Some answers are so obvious that you are left wondering why the question needed to be asked in the first place. Like “should a client pay a fee it agreed to in advance?”  Or, “should an attorney try his or her best to prevail?”

And now this:  the ABA’s Standing Committee on Ethics and Professional Responsibility issued an advisory opinion earlier this month instructing lawyers who suffer a data breach that exposes “material client information” to notify clients of the breach and take additional measures to protect the confidentiality of the compromised information.  Obvious?  We think so.

When we advise clients about their data protection obligations, we often suggest that compliance is strengthened when data security strategies align with an organization’s culture. For law firms, this should be relatively easy:  lawyers learn (we hope in law school) that they have an ethical obligation under Model Rule 1.6 to preserve the confidentiality of their clients’ information.  In today’s world, that surely means that the lawyer and her firm should take appropriate measures to protect the information from cyber thieves and other threats to the security and confidentiality of a client’s confidential information.

Likewise, our duty of communication (Model Rule 1.4), coupled with our confidentiality obligations, should make it a no-brainer that when a breach occurs, the affected clients should be told.

Nevertheless, in its Formal Opinion 483 the Committee devotes 16 pages to state and support this conclusion. (Interestingly, the Committee primarily relies on rules dealing with competent representation and technological aptitude, and only secondarily refers to the duty of confidentiality.)  The opinion does contain instruction that, while hardly novel or visionary, provides sound advice:

  • A firm should implement technological and other measures to detect intrusions into its data systems;
  • A firm should develop, implement and test a data incident response plan. As we’re fond of saying, the time for a pilot to learn how to deal with catastrophic engine failure is not when the plane is hurtling to the ground from 30,000 feet.
  • The firm should promptly take measures to restore the affected systems and close the breach. (Don’t just stand by and do nothing!)
  • The firm should, alone or in concert with skilled cyber forensics professionals, determine how and why the breach occurred. (Again, don’t just scratch your head.)
  • The firm should notify current clients whose data are compromised. Oddly, the Committee stated that it is “unwilling” to impose that obligation with regard to former clients.
  • The opinion provides guidance on what the client notification should contain. Importantly, the opinion reminds lawyers that they may have additional notification obligations under federal and state data breach notification laws that apply, yes, even to lawyers.

 

Opinion 483 provides useful, if obvious, direction on our duties in response to a data breach. It hardly lays out a truly comprehensive set of best practices for safeguarding client information, but it does point in the right direction.
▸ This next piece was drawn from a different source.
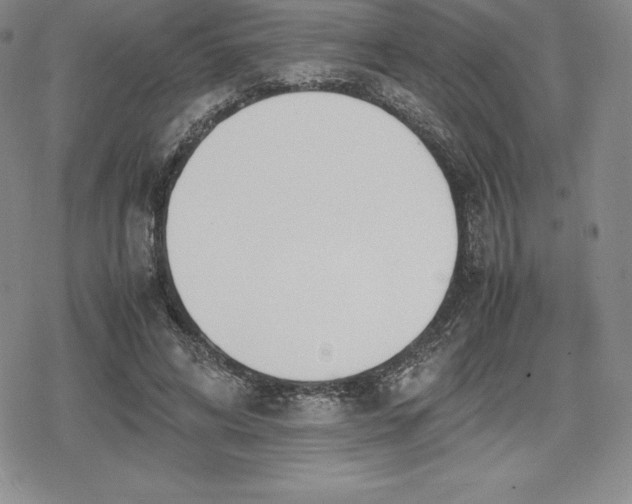 X0000080170592200612221253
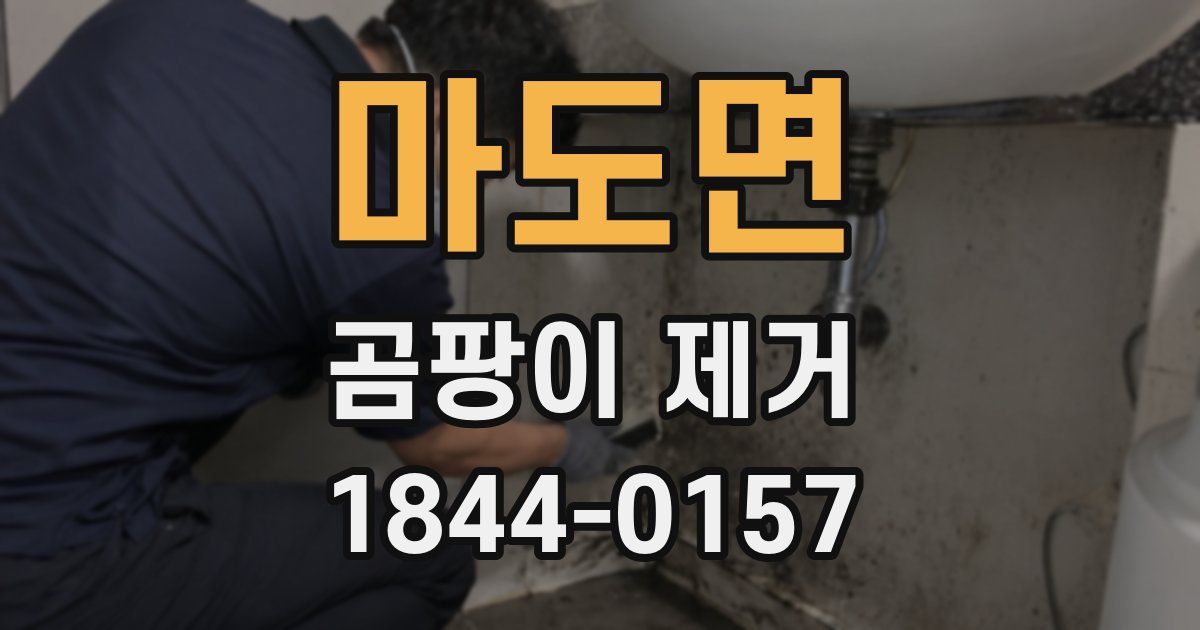마도면 곰팡이 제거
In the aftermath of Hurricane Florence, which last month dumped up to 35 inches of rain on parts of the Carolinas, Virginia and Maryland, caused 48 deaths, and up to $22 billion in property damage, comes a timely new ABA opinion about our ethical obligations related to disasters.

The hurricane did not spare lawyers and law firms.  Ahead of the 1,000-year storm, Law360.com reported that firms in Florence’s projected path shuttered offices, activated contingency plans, and were glad if their firm systems and client data were stored in the cloud.  (Subscribers can access the story here.)  (And doing the profession proud, volunteer lawyers manned hot-lines to help storm victims get needed legal services.)

But what are our actual disaster-related ethics duties?

Communication, withdrawal, files and more

Disasters happen; that’s a fact of life.  The entire 13-page Opinion 482 (Sept. 19. 2018) repays reading.  Some highlights and nitty-gritty advice from the opinion:

  • Model Rule 1.4 requires us to communicate with our clients.  To be able to reach clients following a disaster, the opinion says, you should maintain or be able to quickly recreate, lists of current clients and their contact information.
  • You “must evaluate in advance storing files electronically” so that you can have access to those files via Internet or smart device, if such are available after a disaster.
  • If you can continue to provide services in the disaster area, you continue to have the same ethics duties as before; but in an emergency, you may be able to provide advice outside your area of expertise, as allowed by comment [3] to Rule 1.1 (“Competence”).  (We’ve previously written here about “emergency lawyering.”)
  • If you’re a litigator, check with courts and bar associations to see if deadlines have been extended across the board.
  • You “must take reasonable steps in the event of a disaster to ensure access to funds” you are holding in trust, the opinion advises.  Of course, your obligations will vary depending on the circumstances.  If you know of an impending disaster, you should determine if you should reasonably transfer client funds to an account that will be accessible; or even attempt to complete imminent transactions before the disaster hits, “if practicable.”
  • You may need to withdraw after a disaster, under Rule 1.16 (“Withdrawal”) and Rule 1.3 (“Diligence”), if a client needs immediate legal services that you will be unable to timely provide.
  • If client files are destroyed, your duty of communication will require you to notify current and former clients about the loss of client property with “intrinsic value.”  But there is no duty, the opinion concludes, to notify either current or former clients about the loss of documents that have no intrinsic value, for which there are electronic copies, or that serve no current useful purpose.
  • To prevent the loss of important records, “lawyers should maintain an electronic copy of important documents in an off-site location that is updated regularly.”

Disaster Prep 101:

The ABA has a committee devoted solely to the topic of disaster preparedness, and its website has helpful resources and tips on everything from getting insurance, to types and methods of information retention, and how you can assess damage and rebuild after a disaster strikes your practice.  The committee’s 44-page Surviving a Disaster — A Lawyer’s Guide (Aug. 2011) is also helpful.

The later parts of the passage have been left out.